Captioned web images

= = =

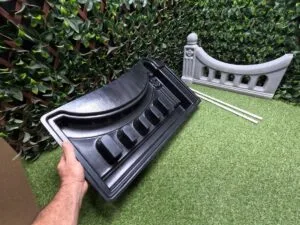 Regal Arch Mold being held by hand with finished fence panel and two included pipes shown in the background.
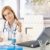 Attractive doctor writing report sitting at desk stock photo © nyul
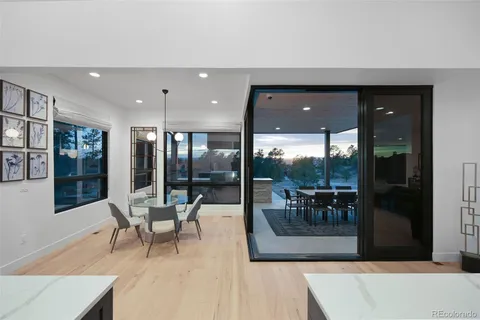 a view of a lobby with furniture and floor to ceiling window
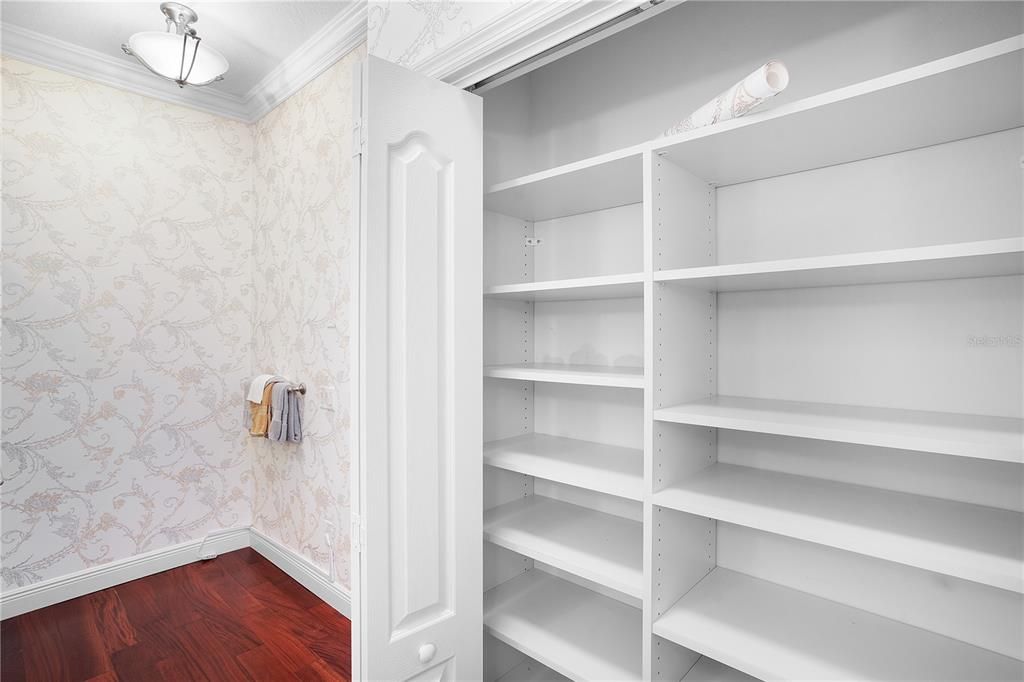 Linen closet in guest bath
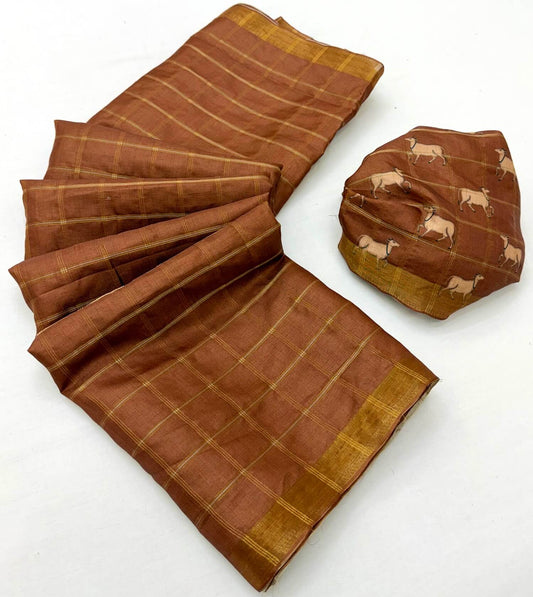 Cynosure Brown Printed Tussar Silk Saree With Unequalled Blouse Piece
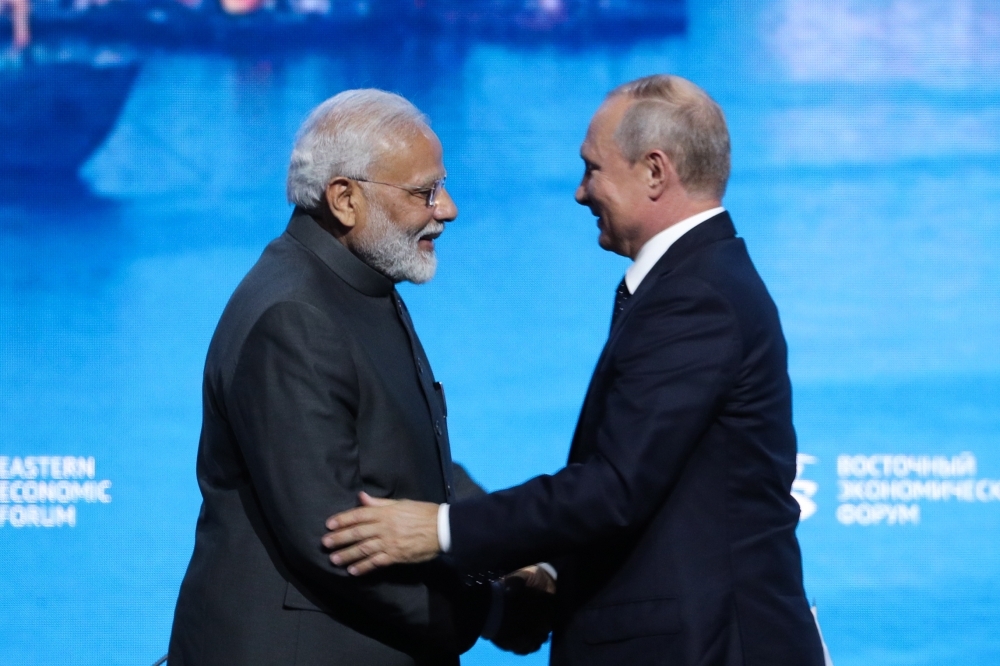 Indian Prime Minister Narendra Modi, left, shakes hands with Russian President Vladimir Putin at a plenary session of Eastern Economic Forum at far-eastern Russian port of Vladivostok on Thursday. — AFP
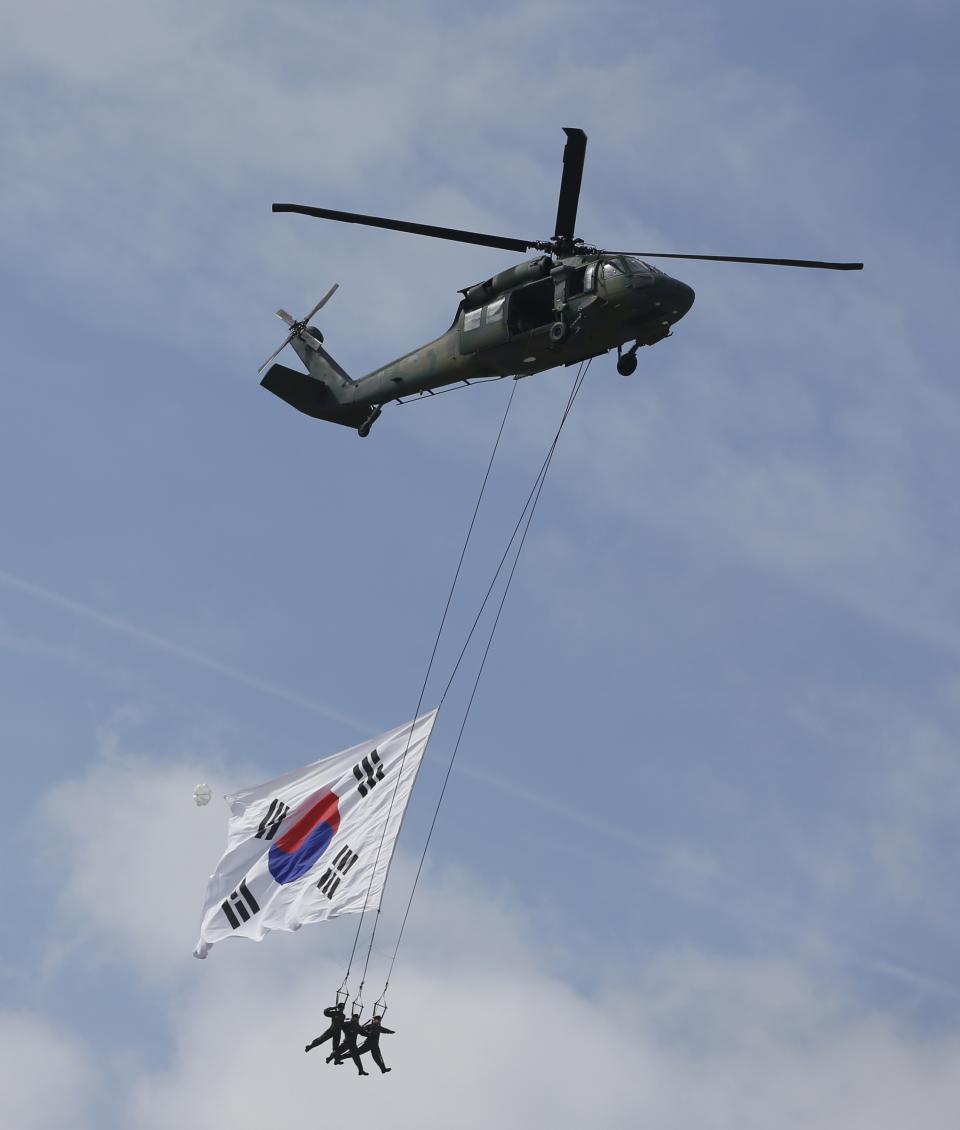 Members of the Special Warfare Command hang suspended from an army helicopter during celebrations to mark the 65th anniversary of Korea Armed Forces Day, at a military airport in Seongnam, south of Seoul, October 1, 2013. (REUTERS/Kim Hong-Ji)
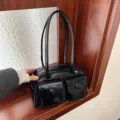 Vintage black glossy shoulder bag with double front pockets and round buttons - Black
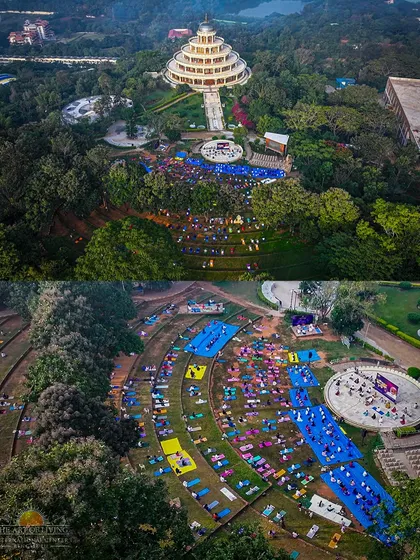 An aerial view of thousands joining an outdoor yoga session in our amphitheater. This shows the scale of our wellness events, where people connect with nature and their inner selves against the backdrop of our beautiful campus.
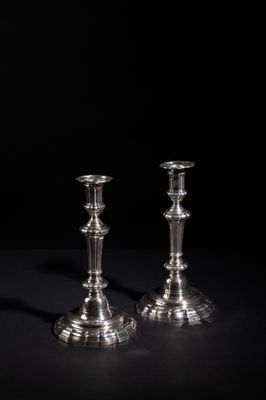 pair of silver candlesticks on a black background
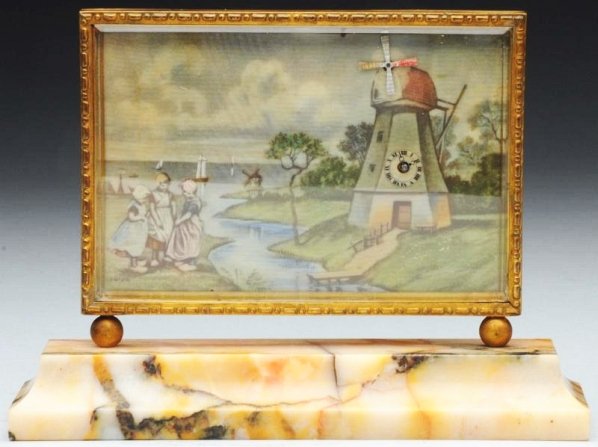 Deidesheim Swiss Made Mechanical Clock.: A very fine Swiss mechanical clock by Deidesheim. Depicting a Dutch scene with an automoton windmill that turns. Mounted on a multi colored alabaster base. Signed on reverese. Condition (Excellent). S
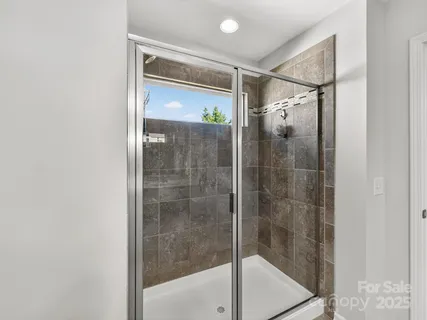 a bathroom with a glass shower door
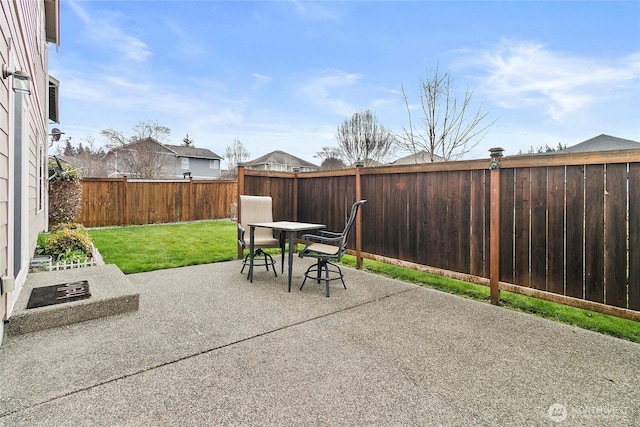 view of patio with outdoor dining area and a fenced backyard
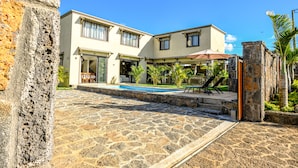 Un bâtiment à deux étages doté d’une terrasse en pierre et d’une piscine.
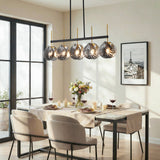 Five-light linear chandelier with smoky gray shell glass shades, black frame, and gold accents hanging over a dining table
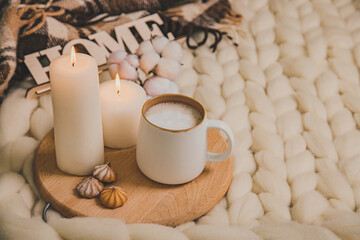 Cup of cappuccino and cookies, candles, checkered plaid, inscription Home on the background of blanket of thick yarn.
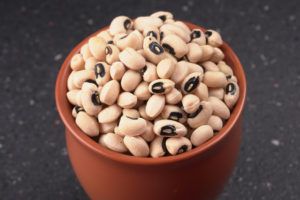 Fagioli dall'occhio nero in una ciotola alta di terracotta su una superficie scura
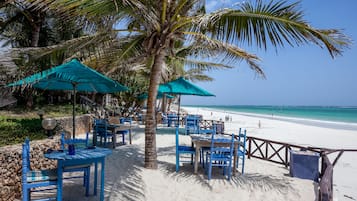 On the beach, white sand, beach umbrellas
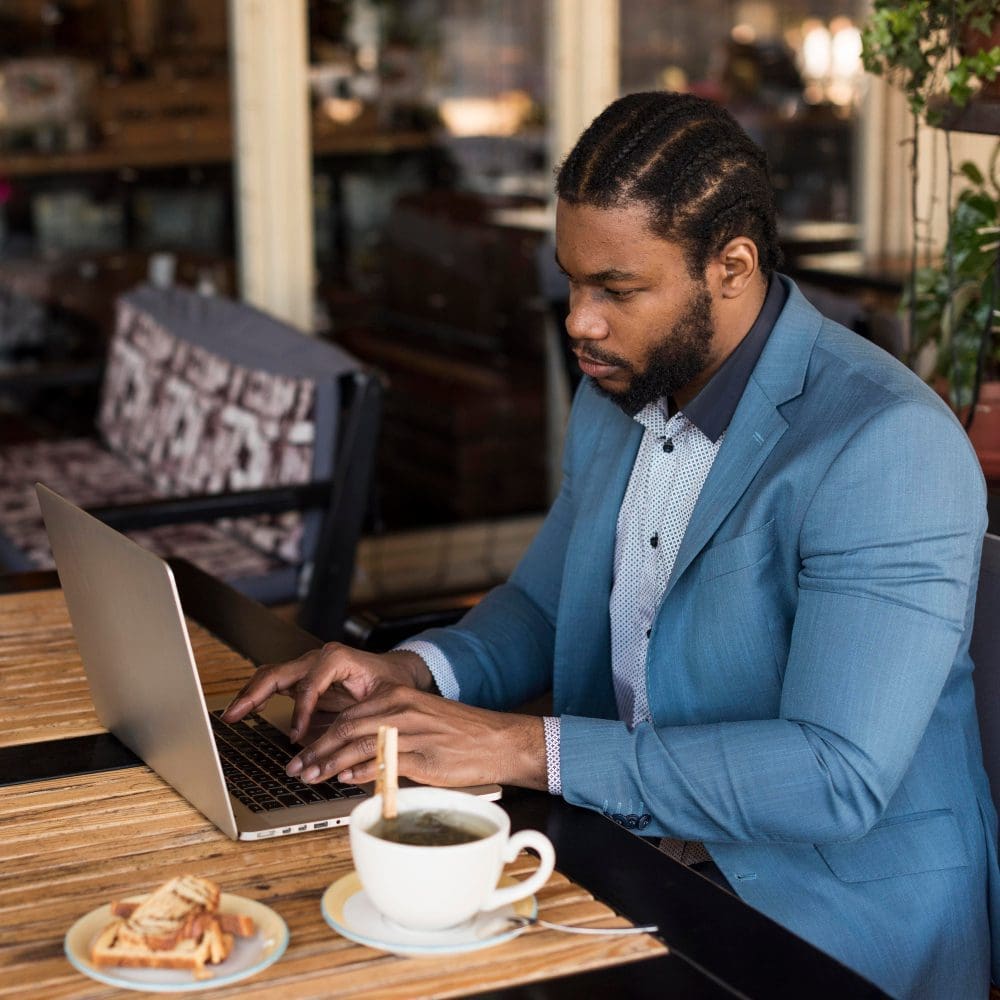 A man of African descent utilizing a laptop at a local cafe.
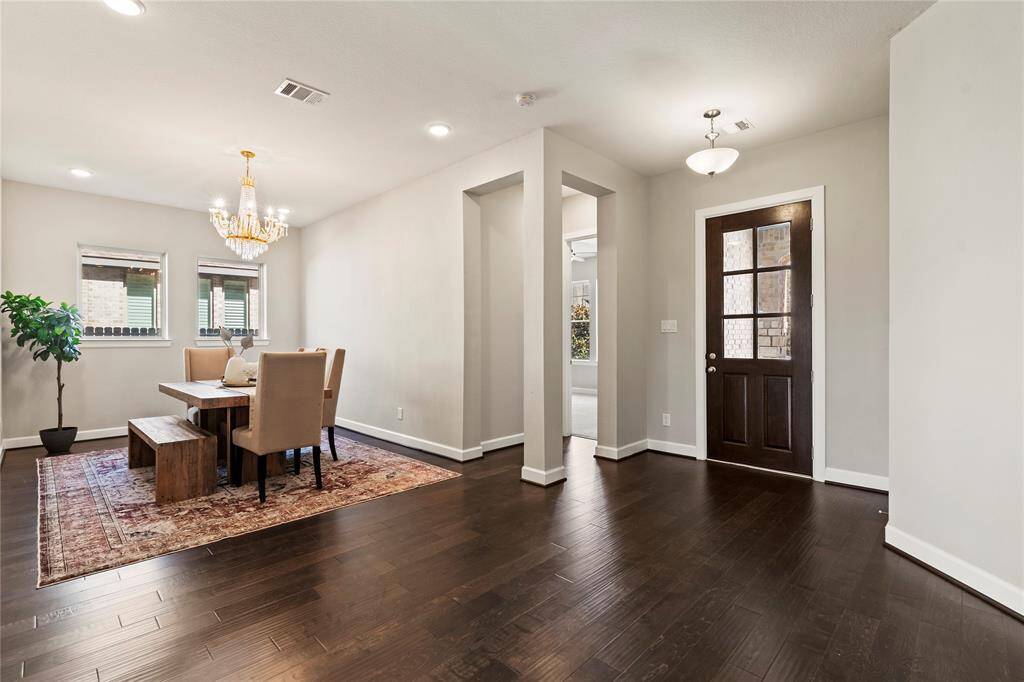 "Grand open entryway, high ceilings, and natural light set a regal tone."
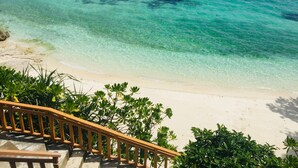 A beach with clear turquoise water, a sandy shore, and a wooden staircase leading down to the beach. - Parklane Bohol Resort and Spa (Anda)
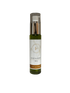 green oil solution in bottle standing in white background 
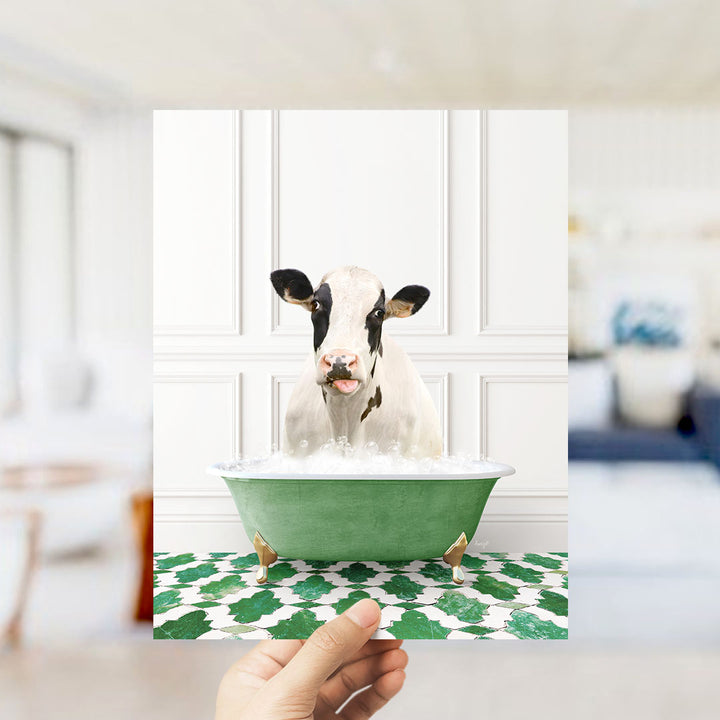 A cow is sitting in a green bathtub filled with water, with its head poking out of the tub.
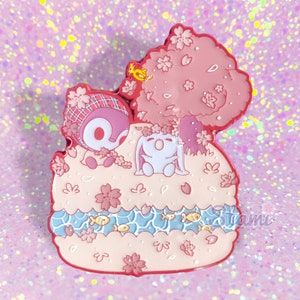 May include: A pink and white enamel pin featuring two cartoon characters, a bunny and a penguin, under a pink cherry blossom tree. The characters are sitting on a pink and white cake with blue water and yellow fish.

= = =

→ INSTRUCTIONS FOR THE TASK: Write out, word for word, the stretch of entries that begins at the line with "a bathroom with a glass shower door" and ends at the line with "Un bâtiment à". Pictures do not belong in it.

→ RESPONSE FOR THIS EXERCISE:
 a bathroom with a glass shower door
 view of patio with outdoor dining area and a fenced backyard
 Un bâtiment à deux étages doté d’une terrasse en pierre et d’une piscine.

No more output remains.